● WHAT THE TASK REQUIRES
What is needed is an exact copy of the lines in the entries below from the one holding "XPRESS La Fonte Pasta Instan Spaghetti 45gr" through the one holding "Neujahr von Generic", pictures excluded.

● SUPPLIED MATERIAL
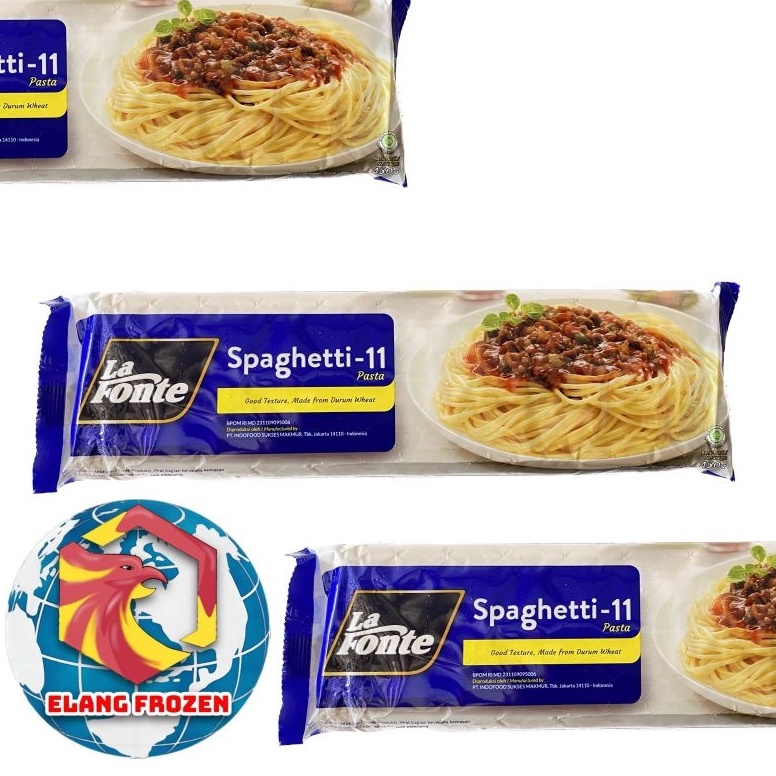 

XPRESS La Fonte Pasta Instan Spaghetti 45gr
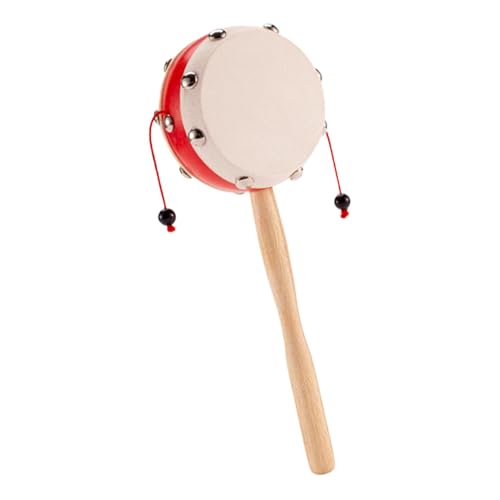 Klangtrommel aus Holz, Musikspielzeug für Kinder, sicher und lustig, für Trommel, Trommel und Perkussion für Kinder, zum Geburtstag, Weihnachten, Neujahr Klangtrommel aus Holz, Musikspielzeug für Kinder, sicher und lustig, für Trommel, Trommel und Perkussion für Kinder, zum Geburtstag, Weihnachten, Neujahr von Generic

* * *

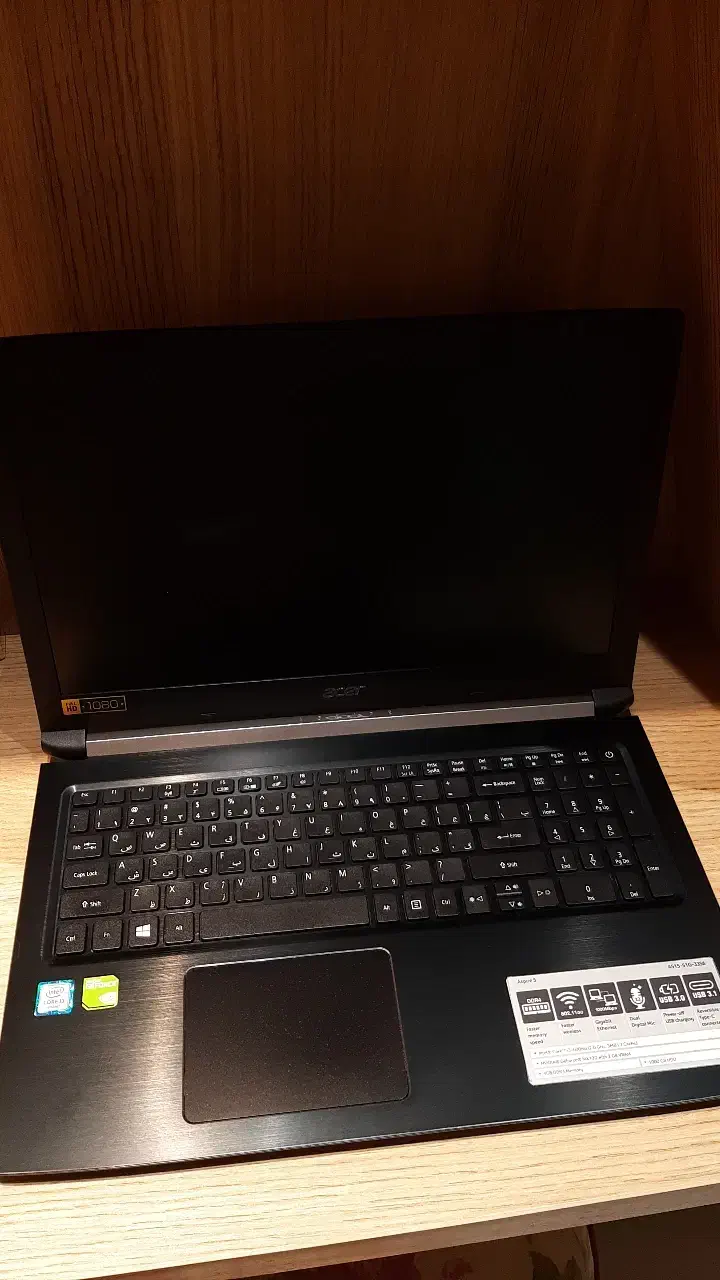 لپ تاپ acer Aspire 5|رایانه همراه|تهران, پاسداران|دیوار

● TASK SOLUTION
XPRESS La Fonte Pasta Instan Spaghetti 45gr
 Klangtrommel aus Holz, Musikspielzeug für Kinder, sicher und lustig, für Trommel, Trommel und Perkussion für Kinder, zum Geburtstag, Weihnachten, Neujahr Klangtrommel aus Holz, Musikspielzeug für Kinder, sicher und lustig, für Trommel, Trommel und Perkussion für Kinder, zum Geburtstag, Weihnachten, Neujahr von Generic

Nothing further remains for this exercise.